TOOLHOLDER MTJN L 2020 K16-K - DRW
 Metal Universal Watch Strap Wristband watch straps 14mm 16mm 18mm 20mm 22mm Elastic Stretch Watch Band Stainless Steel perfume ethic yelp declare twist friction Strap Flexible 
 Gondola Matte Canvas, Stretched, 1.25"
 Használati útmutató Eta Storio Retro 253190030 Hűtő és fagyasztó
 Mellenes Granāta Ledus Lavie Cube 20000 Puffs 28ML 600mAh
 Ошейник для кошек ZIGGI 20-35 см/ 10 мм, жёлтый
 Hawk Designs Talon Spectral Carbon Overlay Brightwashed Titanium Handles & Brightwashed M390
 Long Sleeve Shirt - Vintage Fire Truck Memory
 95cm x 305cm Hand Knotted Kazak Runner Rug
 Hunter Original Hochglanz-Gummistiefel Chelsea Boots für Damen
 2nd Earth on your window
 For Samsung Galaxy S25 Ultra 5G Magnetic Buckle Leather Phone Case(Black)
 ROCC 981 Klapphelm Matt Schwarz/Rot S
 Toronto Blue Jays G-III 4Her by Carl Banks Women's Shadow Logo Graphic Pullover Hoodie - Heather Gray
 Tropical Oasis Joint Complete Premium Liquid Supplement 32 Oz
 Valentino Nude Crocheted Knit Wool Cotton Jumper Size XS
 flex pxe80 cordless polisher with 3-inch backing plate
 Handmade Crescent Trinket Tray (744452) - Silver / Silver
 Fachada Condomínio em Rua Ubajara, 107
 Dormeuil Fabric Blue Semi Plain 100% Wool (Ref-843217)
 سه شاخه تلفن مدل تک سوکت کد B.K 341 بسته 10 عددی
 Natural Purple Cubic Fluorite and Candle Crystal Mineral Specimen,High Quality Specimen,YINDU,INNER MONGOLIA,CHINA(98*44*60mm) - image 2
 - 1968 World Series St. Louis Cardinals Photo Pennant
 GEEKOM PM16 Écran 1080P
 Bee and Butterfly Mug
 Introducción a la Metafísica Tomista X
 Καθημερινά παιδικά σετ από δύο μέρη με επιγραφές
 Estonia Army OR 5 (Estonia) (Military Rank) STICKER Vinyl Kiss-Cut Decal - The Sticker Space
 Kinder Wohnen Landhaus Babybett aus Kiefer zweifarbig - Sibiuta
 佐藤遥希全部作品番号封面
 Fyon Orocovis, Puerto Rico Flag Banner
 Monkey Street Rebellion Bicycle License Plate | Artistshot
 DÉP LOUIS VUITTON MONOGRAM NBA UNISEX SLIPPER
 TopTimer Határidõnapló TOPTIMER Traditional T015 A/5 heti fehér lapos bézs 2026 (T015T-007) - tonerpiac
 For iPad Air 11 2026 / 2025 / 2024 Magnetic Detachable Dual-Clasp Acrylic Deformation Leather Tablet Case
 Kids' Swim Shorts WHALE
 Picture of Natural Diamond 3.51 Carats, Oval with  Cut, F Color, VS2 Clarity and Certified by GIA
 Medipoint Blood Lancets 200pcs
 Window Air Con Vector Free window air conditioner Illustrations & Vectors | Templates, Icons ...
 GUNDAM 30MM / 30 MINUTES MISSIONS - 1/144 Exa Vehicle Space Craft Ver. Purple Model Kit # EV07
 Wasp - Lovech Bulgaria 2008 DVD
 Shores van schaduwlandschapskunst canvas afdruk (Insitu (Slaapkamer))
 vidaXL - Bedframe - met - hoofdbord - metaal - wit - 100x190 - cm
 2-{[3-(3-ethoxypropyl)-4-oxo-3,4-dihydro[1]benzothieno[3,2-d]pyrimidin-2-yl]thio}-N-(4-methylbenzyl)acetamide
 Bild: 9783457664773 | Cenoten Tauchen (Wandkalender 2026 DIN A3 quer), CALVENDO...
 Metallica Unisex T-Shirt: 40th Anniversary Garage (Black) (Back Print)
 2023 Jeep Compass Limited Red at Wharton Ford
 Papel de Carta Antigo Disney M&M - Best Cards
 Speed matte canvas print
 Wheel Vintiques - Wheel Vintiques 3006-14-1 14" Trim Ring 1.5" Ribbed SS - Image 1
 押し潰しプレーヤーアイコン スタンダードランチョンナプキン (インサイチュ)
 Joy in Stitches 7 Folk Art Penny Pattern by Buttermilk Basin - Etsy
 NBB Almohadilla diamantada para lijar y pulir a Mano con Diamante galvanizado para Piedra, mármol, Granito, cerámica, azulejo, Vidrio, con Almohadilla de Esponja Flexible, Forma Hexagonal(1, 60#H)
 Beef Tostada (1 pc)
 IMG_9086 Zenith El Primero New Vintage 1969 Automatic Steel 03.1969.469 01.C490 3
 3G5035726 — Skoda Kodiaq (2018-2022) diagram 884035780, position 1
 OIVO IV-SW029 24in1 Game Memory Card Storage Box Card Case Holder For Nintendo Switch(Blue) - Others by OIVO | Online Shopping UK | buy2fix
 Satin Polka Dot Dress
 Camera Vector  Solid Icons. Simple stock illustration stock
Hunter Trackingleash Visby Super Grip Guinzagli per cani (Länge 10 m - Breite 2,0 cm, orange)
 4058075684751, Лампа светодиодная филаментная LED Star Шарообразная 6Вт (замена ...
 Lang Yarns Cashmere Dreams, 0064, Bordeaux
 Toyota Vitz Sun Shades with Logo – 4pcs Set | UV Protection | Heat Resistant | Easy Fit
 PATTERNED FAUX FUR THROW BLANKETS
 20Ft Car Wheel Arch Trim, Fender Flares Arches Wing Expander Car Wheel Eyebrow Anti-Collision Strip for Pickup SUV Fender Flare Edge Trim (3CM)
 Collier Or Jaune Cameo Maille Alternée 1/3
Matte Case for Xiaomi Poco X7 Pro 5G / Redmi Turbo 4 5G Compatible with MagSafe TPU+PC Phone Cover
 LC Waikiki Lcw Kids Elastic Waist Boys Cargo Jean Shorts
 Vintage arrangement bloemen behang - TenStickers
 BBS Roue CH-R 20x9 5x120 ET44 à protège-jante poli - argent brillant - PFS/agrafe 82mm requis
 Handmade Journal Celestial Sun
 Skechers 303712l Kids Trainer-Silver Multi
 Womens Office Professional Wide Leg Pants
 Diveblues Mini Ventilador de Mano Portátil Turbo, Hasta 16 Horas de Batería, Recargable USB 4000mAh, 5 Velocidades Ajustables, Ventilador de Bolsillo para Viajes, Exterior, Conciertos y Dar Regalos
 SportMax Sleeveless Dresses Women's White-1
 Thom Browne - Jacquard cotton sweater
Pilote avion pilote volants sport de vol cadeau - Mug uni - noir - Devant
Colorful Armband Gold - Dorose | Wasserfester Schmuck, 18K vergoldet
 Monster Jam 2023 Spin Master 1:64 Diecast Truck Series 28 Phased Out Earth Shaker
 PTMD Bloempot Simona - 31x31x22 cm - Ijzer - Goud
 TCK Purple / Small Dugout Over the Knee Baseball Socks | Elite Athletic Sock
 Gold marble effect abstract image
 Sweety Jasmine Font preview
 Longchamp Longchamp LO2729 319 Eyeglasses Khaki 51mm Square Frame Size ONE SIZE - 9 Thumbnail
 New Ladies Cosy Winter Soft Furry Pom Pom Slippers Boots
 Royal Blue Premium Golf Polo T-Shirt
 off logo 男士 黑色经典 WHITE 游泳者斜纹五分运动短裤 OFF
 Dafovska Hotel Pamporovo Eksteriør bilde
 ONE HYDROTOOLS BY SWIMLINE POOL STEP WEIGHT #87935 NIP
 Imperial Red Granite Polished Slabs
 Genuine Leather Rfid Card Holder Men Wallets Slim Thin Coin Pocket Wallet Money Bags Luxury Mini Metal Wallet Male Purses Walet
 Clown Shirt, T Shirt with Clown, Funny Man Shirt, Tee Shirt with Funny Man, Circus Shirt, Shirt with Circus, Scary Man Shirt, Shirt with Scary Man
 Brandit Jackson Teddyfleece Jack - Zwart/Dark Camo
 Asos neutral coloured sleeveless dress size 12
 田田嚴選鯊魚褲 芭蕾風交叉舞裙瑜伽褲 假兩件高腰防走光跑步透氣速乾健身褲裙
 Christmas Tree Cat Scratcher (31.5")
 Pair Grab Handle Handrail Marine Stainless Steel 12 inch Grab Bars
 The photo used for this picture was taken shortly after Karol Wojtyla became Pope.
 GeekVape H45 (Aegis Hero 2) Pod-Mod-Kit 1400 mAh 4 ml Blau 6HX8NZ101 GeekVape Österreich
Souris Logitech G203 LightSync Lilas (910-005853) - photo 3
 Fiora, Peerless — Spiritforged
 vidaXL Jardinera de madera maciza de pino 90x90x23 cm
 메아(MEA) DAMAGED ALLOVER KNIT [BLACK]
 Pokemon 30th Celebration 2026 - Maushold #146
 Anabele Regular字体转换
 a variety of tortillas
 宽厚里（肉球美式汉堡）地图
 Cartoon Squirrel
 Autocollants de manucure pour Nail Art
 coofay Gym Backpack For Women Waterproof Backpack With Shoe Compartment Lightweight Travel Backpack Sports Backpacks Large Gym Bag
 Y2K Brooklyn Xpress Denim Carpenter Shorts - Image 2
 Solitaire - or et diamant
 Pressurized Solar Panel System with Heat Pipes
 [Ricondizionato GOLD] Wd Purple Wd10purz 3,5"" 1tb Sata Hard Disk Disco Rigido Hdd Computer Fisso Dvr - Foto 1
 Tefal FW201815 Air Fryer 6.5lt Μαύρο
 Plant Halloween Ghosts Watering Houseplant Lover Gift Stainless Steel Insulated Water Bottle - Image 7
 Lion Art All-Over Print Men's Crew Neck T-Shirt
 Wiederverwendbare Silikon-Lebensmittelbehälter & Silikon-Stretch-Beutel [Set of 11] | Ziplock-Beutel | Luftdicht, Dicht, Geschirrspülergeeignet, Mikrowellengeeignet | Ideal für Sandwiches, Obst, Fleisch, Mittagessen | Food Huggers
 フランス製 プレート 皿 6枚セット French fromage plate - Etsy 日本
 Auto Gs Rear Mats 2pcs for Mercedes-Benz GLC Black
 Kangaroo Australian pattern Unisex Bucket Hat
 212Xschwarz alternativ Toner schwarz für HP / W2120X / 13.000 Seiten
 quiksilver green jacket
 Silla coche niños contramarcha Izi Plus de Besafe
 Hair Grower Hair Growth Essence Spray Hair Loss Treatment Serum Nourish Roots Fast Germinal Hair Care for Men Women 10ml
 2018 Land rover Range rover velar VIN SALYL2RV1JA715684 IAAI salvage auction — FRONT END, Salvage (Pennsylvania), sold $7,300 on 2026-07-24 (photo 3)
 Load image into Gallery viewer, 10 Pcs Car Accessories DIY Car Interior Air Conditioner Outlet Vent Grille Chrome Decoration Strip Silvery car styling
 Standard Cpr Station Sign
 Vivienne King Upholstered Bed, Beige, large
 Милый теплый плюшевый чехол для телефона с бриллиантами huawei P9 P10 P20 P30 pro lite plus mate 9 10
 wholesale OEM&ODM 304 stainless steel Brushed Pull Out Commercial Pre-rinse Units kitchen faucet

• • • • • • •

**WHAT YOU HAVE TO DO:**
Above are the lines; repeat exactly the ones from the line containing "Toronto Blue Jays" down to the line containing "佐藤遥希全部作品番号封面", both inclusive.

**SOLVED PROBLEM:**
 Toronto Blue Jays G-III 4Her by Carl Banks Women's Shadow Logo Graphic Pullover Hoodie - Heather Gray
 Tropical Oasis Joint Complete Premium Liquid Supplement 32 Oz
 Valentino Nude Crocheted Knit Wool Cotton Jumper Size XS
 flex pxe80 cordless polisher with 3-inch backing plate
 Handmade Crescent Trinket Tray (744452) - Silver / Silver
 Fachada Condomínio em Rua Ubajara, 107
 Dormeuil Fabric Blue Semi Plain 100% Wool (Ref-843217)
 سه شاخه تلفن مدل تک سوکت کد B.K 341 بسته 10 عددی
 Natural Purple Cubic Fluorite and Candle Crystal Mineral Specimen,High Quality Specimen,YINDU,INNER MONGOLIA,CHINA(98*44*60mm) - image 2
 - 1968 World Series St. Louis Cardinals Photo Pennant
 GEEKOM PM16 Écran 1080P
 Bee and Butterfly Mug
 Introducción a la Metafísica Tomista X
 Καθημερινά παιδικά σετ από δύο μέρη με επιγραφές
 Estonia Army OR 5 (Estonia) (Military Rank) STICKER Vinyl Kiss-Cut Decal - The Sticker Space
 Kinder Wohnen Landhaus Babybett aus Kiefer zweifarbig - Sibiuta
 佐藤遥希全部作品番号封面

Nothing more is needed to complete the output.